- [Dataset content]:
....

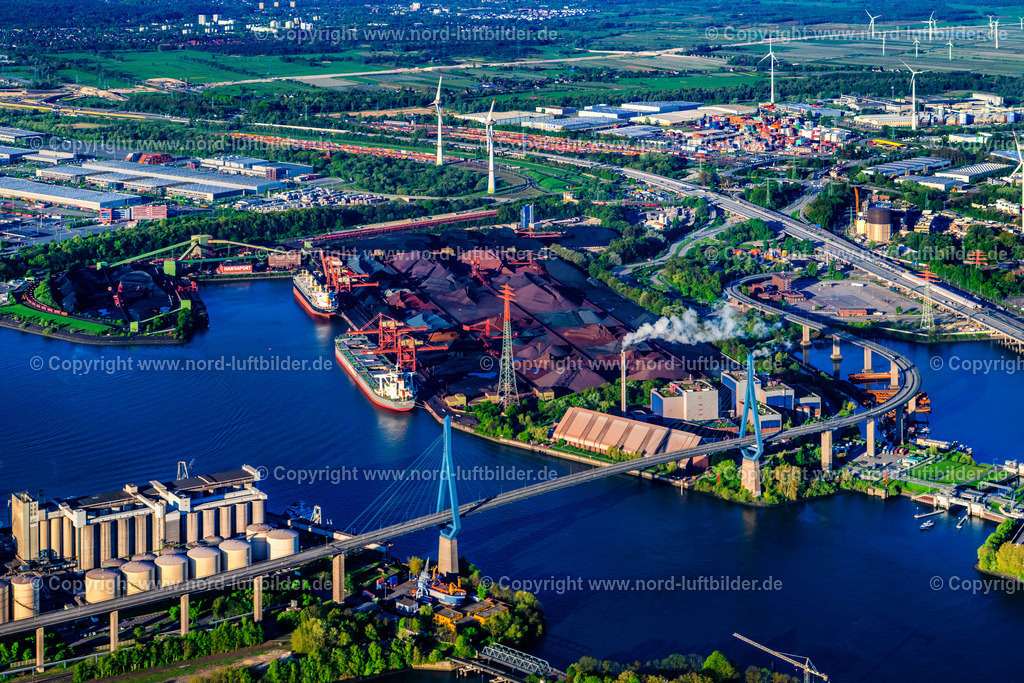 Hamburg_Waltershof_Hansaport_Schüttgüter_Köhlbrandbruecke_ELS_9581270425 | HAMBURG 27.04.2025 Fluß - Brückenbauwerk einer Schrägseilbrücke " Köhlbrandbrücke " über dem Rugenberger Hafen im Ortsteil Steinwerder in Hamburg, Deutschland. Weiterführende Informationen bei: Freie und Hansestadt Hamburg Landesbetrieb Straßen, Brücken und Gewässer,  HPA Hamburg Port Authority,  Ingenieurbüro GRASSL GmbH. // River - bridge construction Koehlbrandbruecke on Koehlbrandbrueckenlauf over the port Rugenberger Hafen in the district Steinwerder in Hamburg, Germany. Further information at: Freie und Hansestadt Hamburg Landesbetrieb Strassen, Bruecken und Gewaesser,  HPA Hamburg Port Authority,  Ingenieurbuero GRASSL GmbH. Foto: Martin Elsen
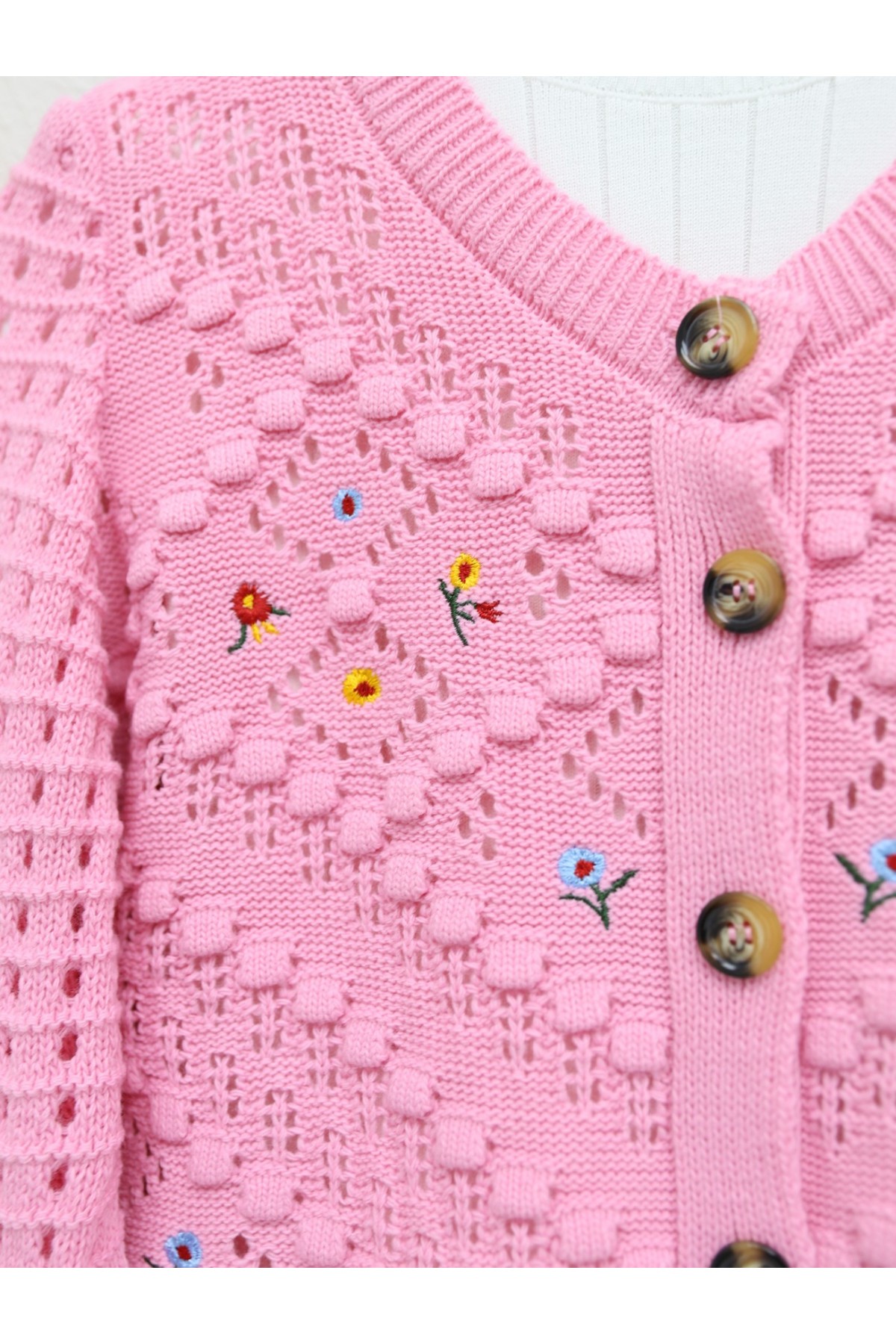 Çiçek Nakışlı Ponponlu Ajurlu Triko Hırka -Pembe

....

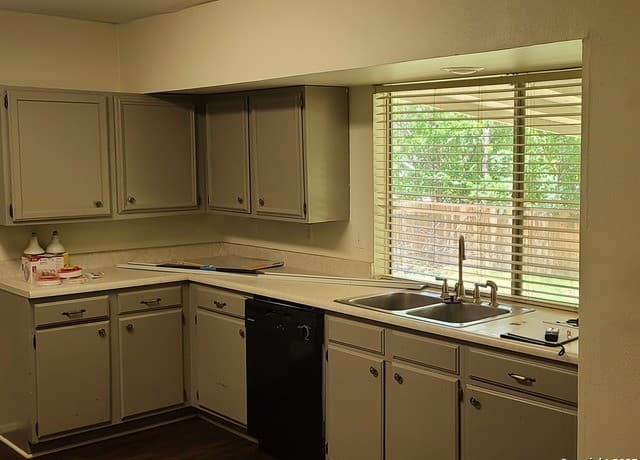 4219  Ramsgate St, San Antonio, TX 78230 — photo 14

....

- [What you should do]:
Look above for the line with "Foto: Martin Elsen" and the line with "Çiçek Nakışlı Ponponlu", then copy them and all lines in between exactly as written, and only those, without any pictures.

- [Solution for this exercise]:
 Hamburg_Waltershof_Hansaport_Schüttgüter_Köhlbrandbruecke_ELS_9581270425 | HAMBURG 27.04.2025 Fluß - Brückenbauwerk einer Schrägseilbrücke " Köhlbrandbrücke " über dem Rugenberger Hafen im Ortsteil Steinwerder in Hamburg, Deutschland. Weiterführende Informationen bei: Freie und Hansestadt Hamburg Landesbetrieb Straßen, Brücken und Gewässer,  HPA Hamburg Port Authority,  Ingenieurbüro GRASSL GmbH. // River - bridge construction Koehlbrandbruecke on Koehlbrandbrueckenlauf over the port Rugenberger Hafen in the district Steinwerder in Hamburg, Germany. Further information at: Freie und Hansestadt Hamburg Landesbetrieb Strassen, Bruecken und Gewaesser,  HPA Hamburg Port Authority,  Ingenieurbuero GRASSL GmbH. Foto: Martin Elsen
 Çiçek Nakışlı Ponponlu Ajurlu Triko Hırka -Pembe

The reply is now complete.